牙打掉,嘴也腫着,渾身疼痛,眼淚『叭叭嗒嗒』的滑落,費力半天也沒說出一句整話。
費一番力氣,姬冷冰總算是勉強明白候放是說並沒有偷張希、候玉的東西,他是冤枉的。
巧兒皺眉道:「奴早就覺得奇怪,怎五公子與八夫人會不約而同的在同一天晚上偷其他夫人小姐的東西?」
是啊!世上沒有這麼巧合的事?巧兒的話提醒始終不相信候放會偷東西的姬冷冰,她當即讓巧兒去看看王香雪醒來沒有,醒來的話問問王香雪可偷了張箐與候茜的東西?並叮囑,要察顏觀色,看王香雪是否撒謊。
巧兒出門後沒多久依兒進門來,鑑於剛才候言的態度,姬冷冰打心眼裏感激依兒,更是認為她之前的建議沒錯。
&人!依兒去時四夫人與七小姐已經甦醒,依兒說五公子不會窮到要偷她們的東西,如今,一來一去,打了一回,也算是扯平了。一家人,以後還要相處,和和美美過日子才好,事過也就算了。勸慰一番,四夫人與七小姐還算是通情達理,也認識到帶人來狂瀾居不對,親口說不追究此事。」
報了仇,府中和平才是真,依兒這才女能說會道,交待的事從沒有一件辦砸的,姬冷冰大喜,「依兒!你立了大功。本夫人會重重賞你。」
依兒欣喜向姬冷冰福福,「謝夫人!」
。。。。
王香雪平白挨一頓狠揍,認為是張箐與候茜故意設計害她,恨張箐與候茜入骨,裝死裝活哭哭啼啼連帶着撒嬌要候言給她報仇血恨。

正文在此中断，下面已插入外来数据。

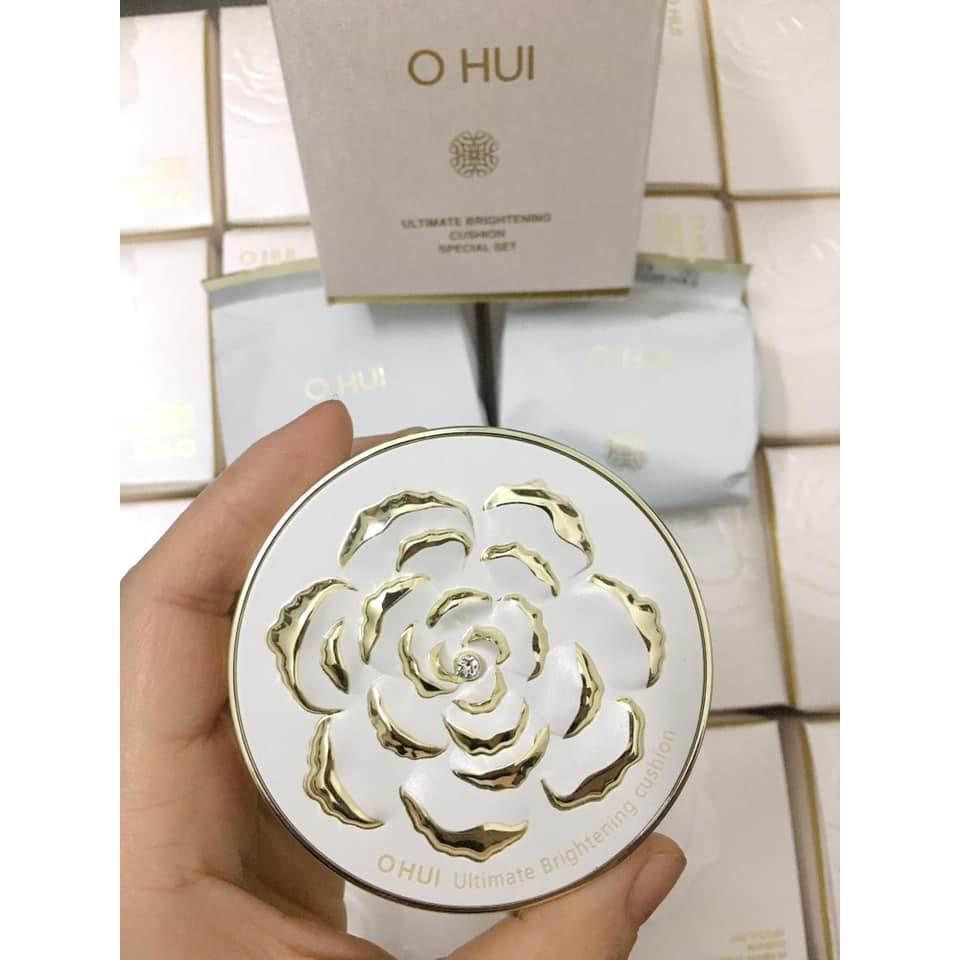 Phấn nước dưỡng trắng OHUI Ultimate Brightening Cushion 15g Tặng Thêm 2 lõi Refill 15g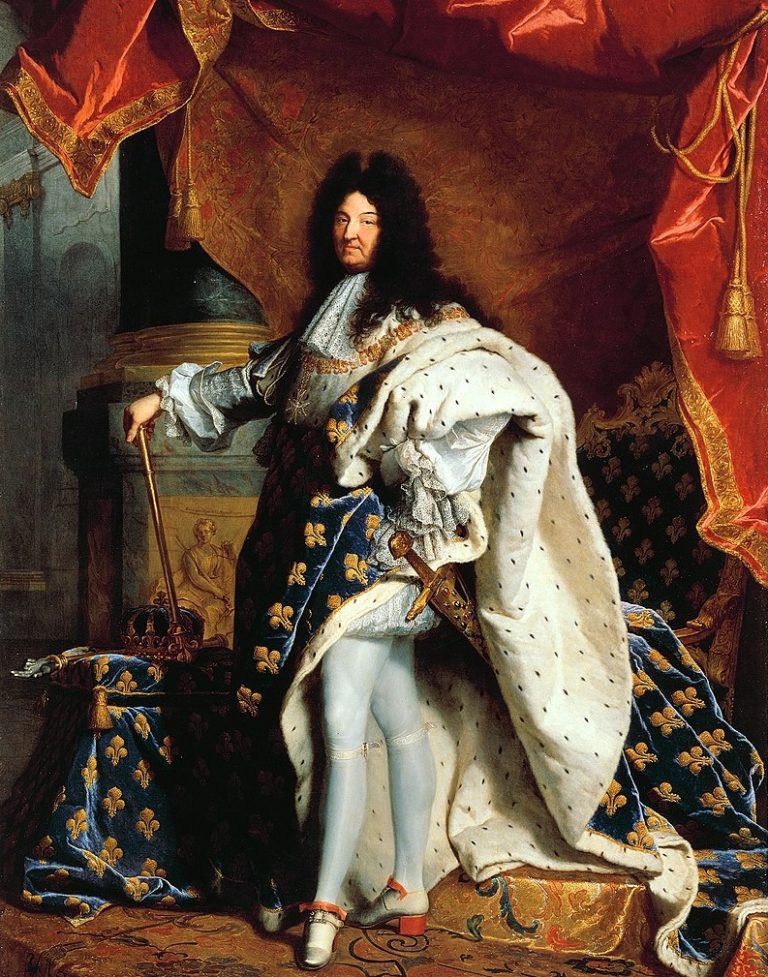 Ludvík XIV. vstává i uléhá pod dohledem vybraných dvořanů.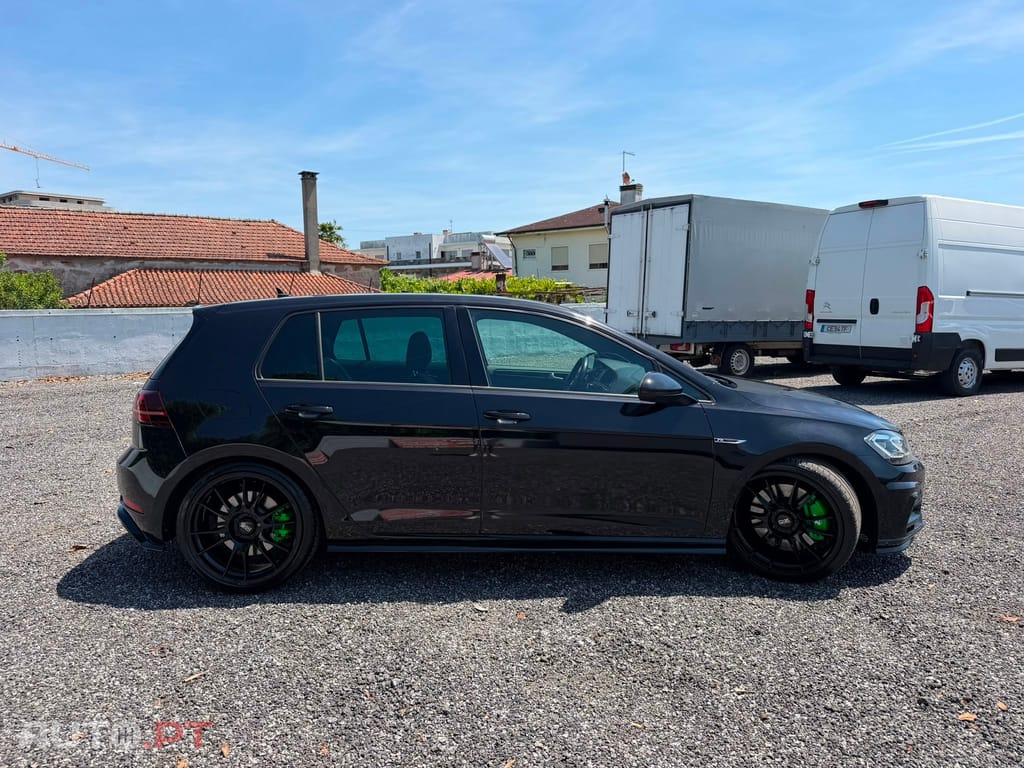 Volkswagen Golf 2.0 TSI R DSG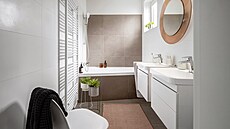 Velkoformátový obklad i dla�ba ze série Extra jsou p�íjemné na dotyk i údr�bu.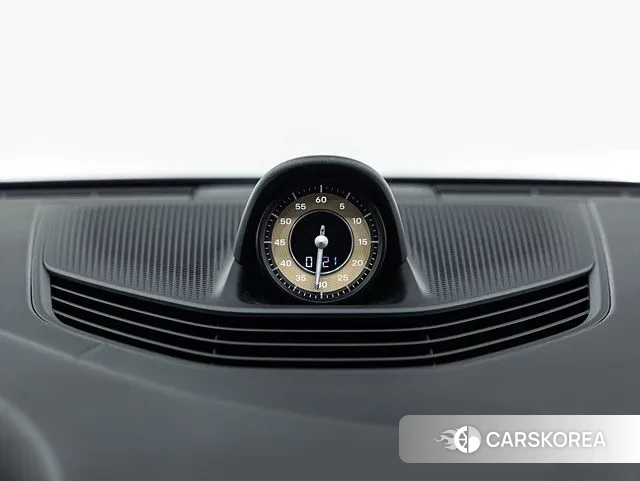 Porsche Taycan id 3420335 из Кореи 10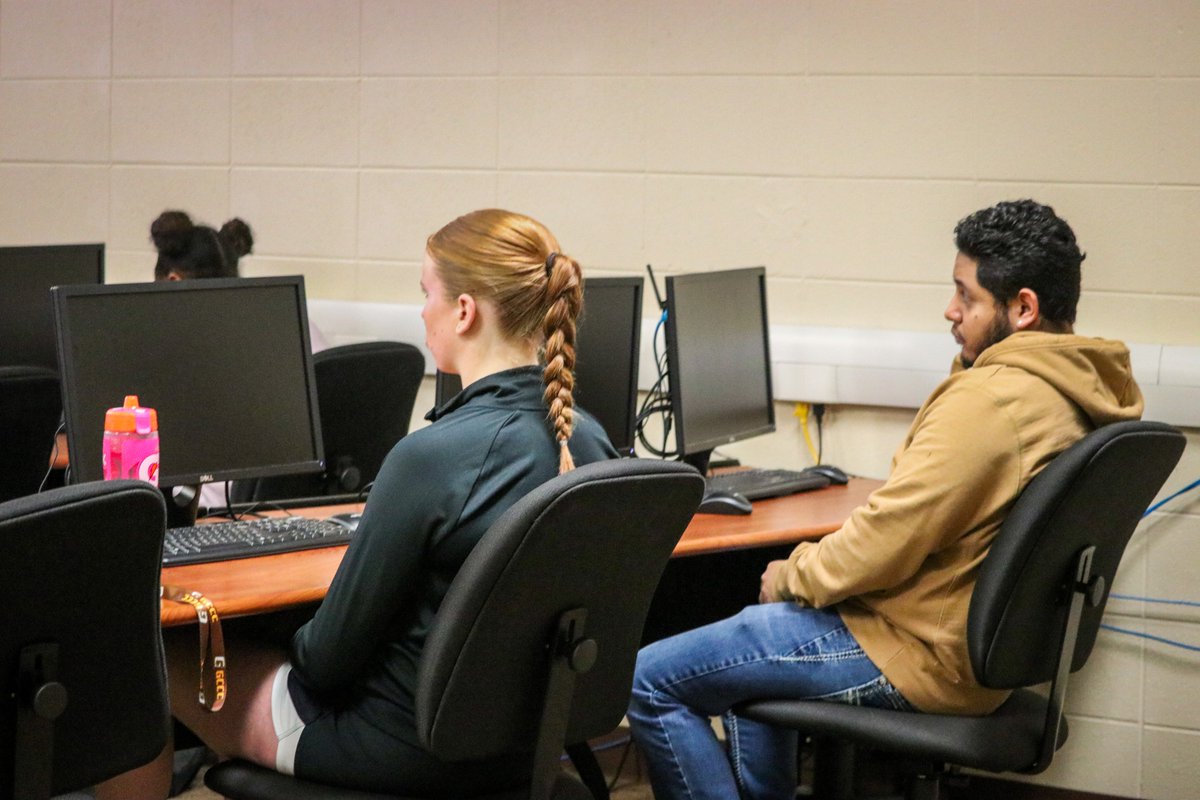 GCCCBroncbuster's tweet image. During today&apos;s visit, Marco Reyes and Maddie Helton from Landmark National Bank provided valuable insights to Dr. Ortega&apos;s Personal Finance class. The students engaged in discussions, asked questions, and gained knowledge on various financial topics.

#FinanceClass💵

夫人中,候言是多愛些王香雪,但王香雪無所出,張箐有兒有女,哪怕是不再愛,看在兒女的份上他也不忍再懲治張箐,那是雪上加霜,更別說女兒候茜,被逼之下又急又氣逃出婉溫閣。
王香雪差點沒真氣死,周身痛疼,戲演完,她卻無力再作計較。
煩心事纏心頭的候言只把怒火撒到姬冷冰的頭上,姬冷冰這時候倒是懂得候言心中難以說出的苦,不還嘴,最後獻計讓依兒去勸王香雪。
望着楚楚動人的依兒,候言的心情莫名的大好。夫人在場看着,他沒敢與依兒說笑以及有一個欣賞的眼神,只勉強揮了揮手以示同意。
心知王香雪逼自己無果不會為難依兒,也定會給依兒面子,候言放心出門。
果然,王香雪在溫言細語的依兒勸說下,答應不再逼候言。
一天水米未進,出來後,香兒摸摸肚子,愁眉苦臉地道:「依兒姐姐!還說讓奴去買桂花糕,今兒這忙的,也沒時間去買。」
不過是借着買桂花糕打賞香兒,依兒笑道:「不急,待得有時間了再去。」
在書房睡了一覺醒來,候言陡然想起青鳥玉佩,不顧夜黑火急火燎地往枉梅苑趕。
姬冷冰已經回來,身心俱疲,她正懶懶的坐在廳內椅子上,巧兒給她捏着腿。
今兒發生了諸多的事,夫妻倆互視一眼連說句話的心情都沒有,候言直入內室。
床榻上被褥凌亂,仍是走時的那個模樣,卻不見青鳥玉佩。
折轉身出來,不快地盯着姬冷冰,「青鳥玉佩呢?」
全是青鳥玉佩惹的禍,姬冷冰怒從心來,「你就知道掂記青鳥玉佩,我之前問了放兒,他說昨夜未出紅牌樓,他根本沒指使人去偷玉佩。」
候言不屑地道:「他的話你也信?」
姬冷冰怔怔,「我不信他,我信你嗎?信你當初說的海誓山盟嗎?信你不會給我一而再,再而三的娶了姐妹回府嗎?」
噗!候言頭一陣的暈眩,啞然指了指姬冷冰,喝退候奴與巧兒,狠狠地道:「我告訴你姬冷冰!那女子不是等閒之輩,她即是王妃,也是蝶舞。」